Data entries
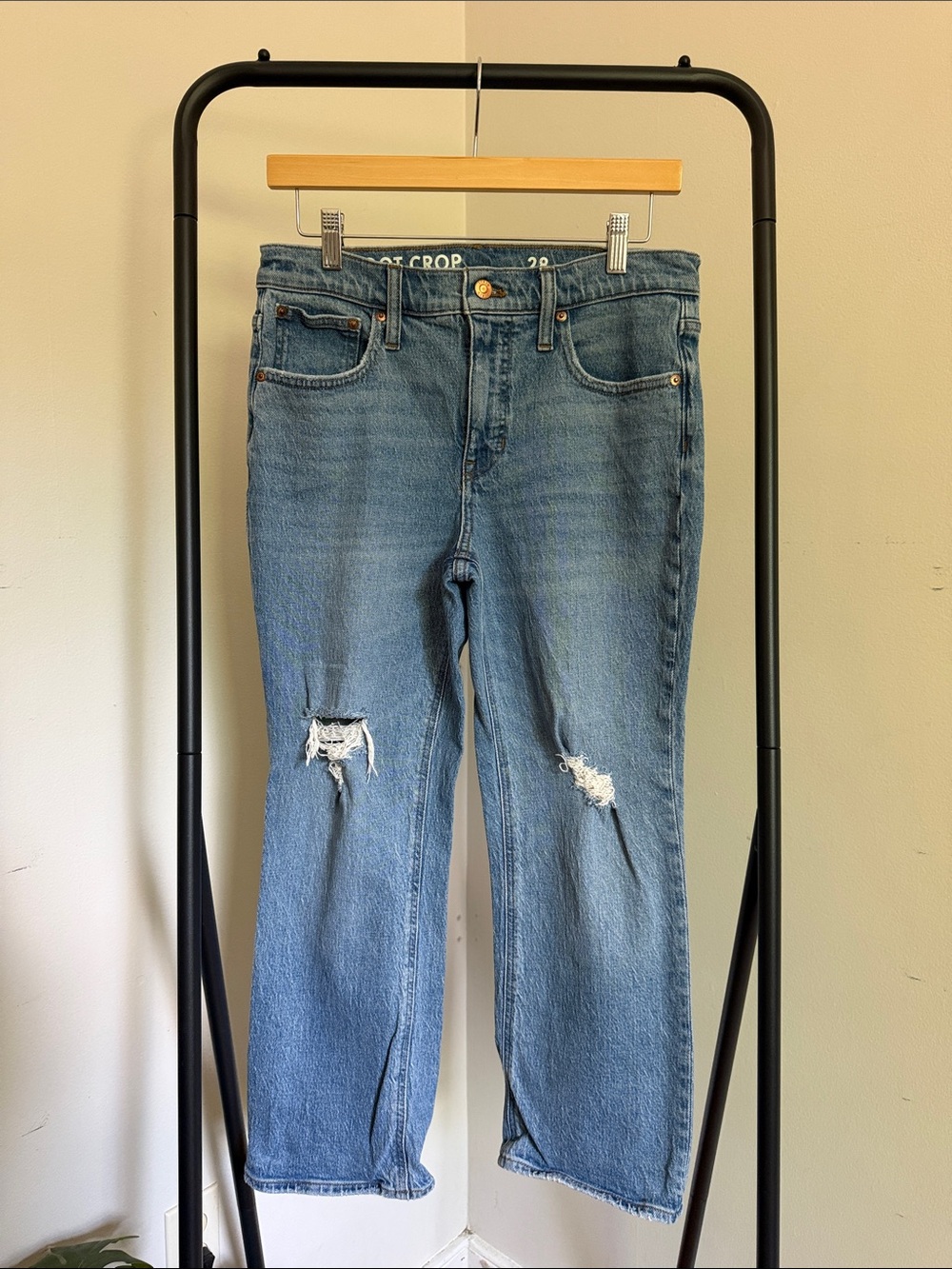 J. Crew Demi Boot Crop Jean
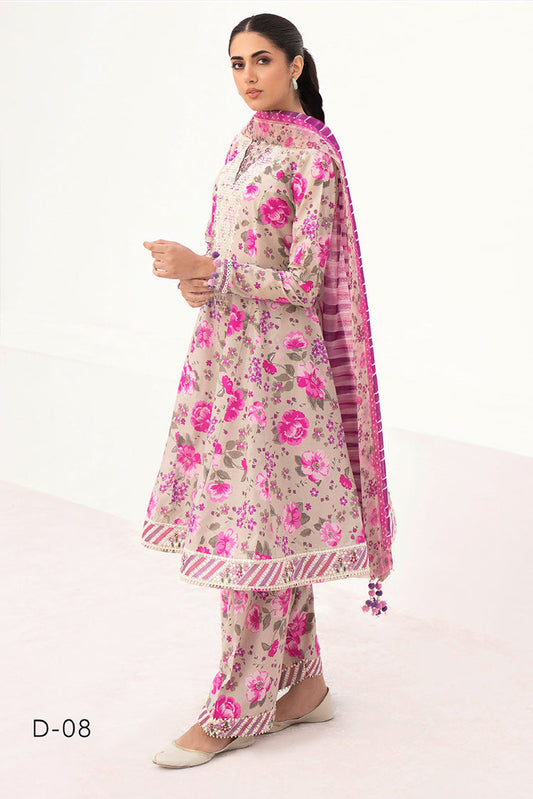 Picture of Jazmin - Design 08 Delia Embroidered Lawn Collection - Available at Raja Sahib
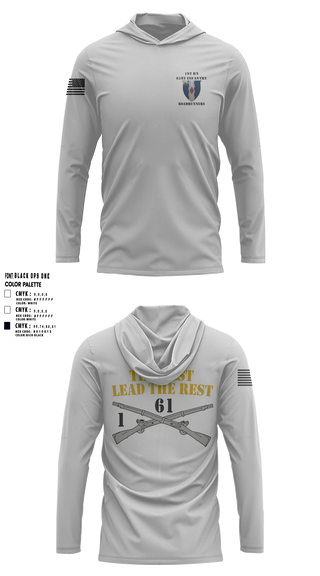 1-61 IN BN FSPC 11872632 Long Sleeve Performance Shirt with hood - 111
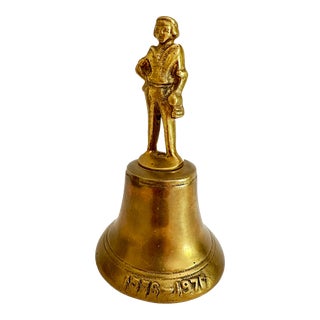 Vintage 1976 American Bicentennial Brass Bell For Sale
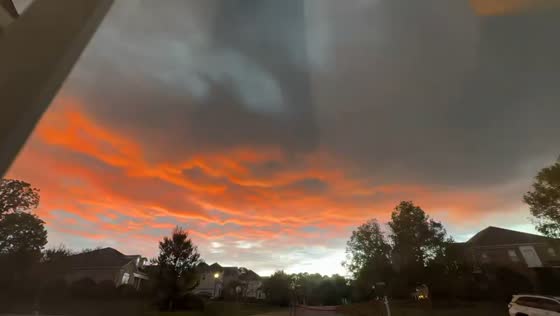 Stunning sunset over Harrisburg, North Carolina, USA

> **How to complete this task**:
The data above should be returned in full, exactly as written, apart from its images.

> **Finished task**:
 J. Crew Demi Boot Crop Jean
 Picture of Jazmin - Design 08 Delia Embroidered Lawn Collection - Available at Raja Sahib
 1-61 IN BN FSPC 11872632 Long Sleeve Performance Shirt with hood - 111
 Vintage 1976 American Bicentennial Brass Bell For Sale
 Stunning sunset over Harrisburg, North Carolina, USA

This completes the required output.